Extrapolant ces mystères insondables de l’art de Rembrandt, Peter Greenaway a bâti son film, The Nightwatch autour de la thèse politique du complot que le peintre avait voulu fixer sur sa toile. Les bourgeois de La Ronde de nuit auraient été des conspirateurs dont Rembrandt aurait percé la nature et voulu le leur faire savoir en les peignant sous leur vrai jour. D’où leur colère et la mise en route d’une stratégie de démolition de l’artiste. Cette idée de vengeance et d’acharnement est autant distincte dans les films d’Alexander Korda que ceux de Charles Mattion et Peter Greenaway.

Chez ce dernier, il y a d’ailleurs une intéressante pétition romanesque qui n’est pas éloignée de l’esprit d’Alexandre Dumas et selon laquelle il n’y a pas d’histoire, mais des historiens. Il faut se demander en effet pourquoi Rembrandt van Rijn a scié la branche sur laquelle il était confortablement assis. Rembrandt avait démontré, en réalité, à une période où l’art n’était pas possible sans le mécénat, qu’il ne ferait pas, lui, tâche de vulgaire propagandiste.

Après La Ronde de nuit, Rembrandt avait été soumis à une violente campagne de rumeurs et de calomnies qui n’épargnaient pas même sa vie intime.

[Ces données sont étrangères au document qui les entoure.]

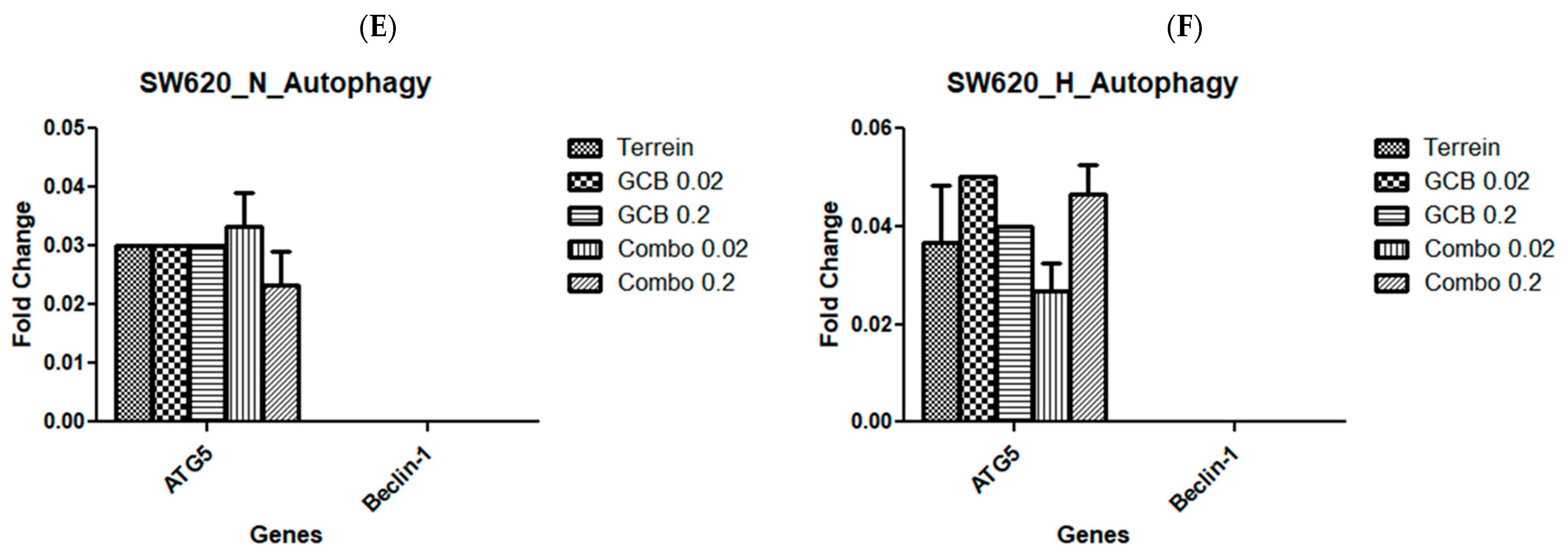 Marinedrugs 21 00271 g005b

Hier adulé, il était désormais traîné dans la boue avant que la vindicte de ses ennemis ne le pousse à la ruine. Il faut tout de même relever que la hargne des bourgeois d’Amsterdam ne les avait pas conduit à l’extrémité de détruire cette Ronde de nuit controversée qui figure, disent Charles Matton et Peter Greenaway, parmi les oeuvres capitales de l’art universel avec La Joconde de Léonard de Vinci et la fresque de Michel-Ange sur la chapelle Sixtine.

Rembrandt est un maître absolu du portrait et le peintre qui incarne le mieux les valeurs du réalisme. Sa modernité réside dans la structure proprement révolutionnaire de la manière dont il disposait ses personnages dans le cadre de sa toile et qui annonçaient dans une large mesure le plan cinématographique. Cette oeuvre est à la mesure du caractère de Rembrandt qui ne voulait pas être un peintre officiel et qui payera chèrement ce choix lorsque la cohorte de ses adversaires pourront faire croire qu’ils avaient fabriqué Rembrandt et qu’ils le punissaient pour ne pas avoir eu la reconnaissance du ventre.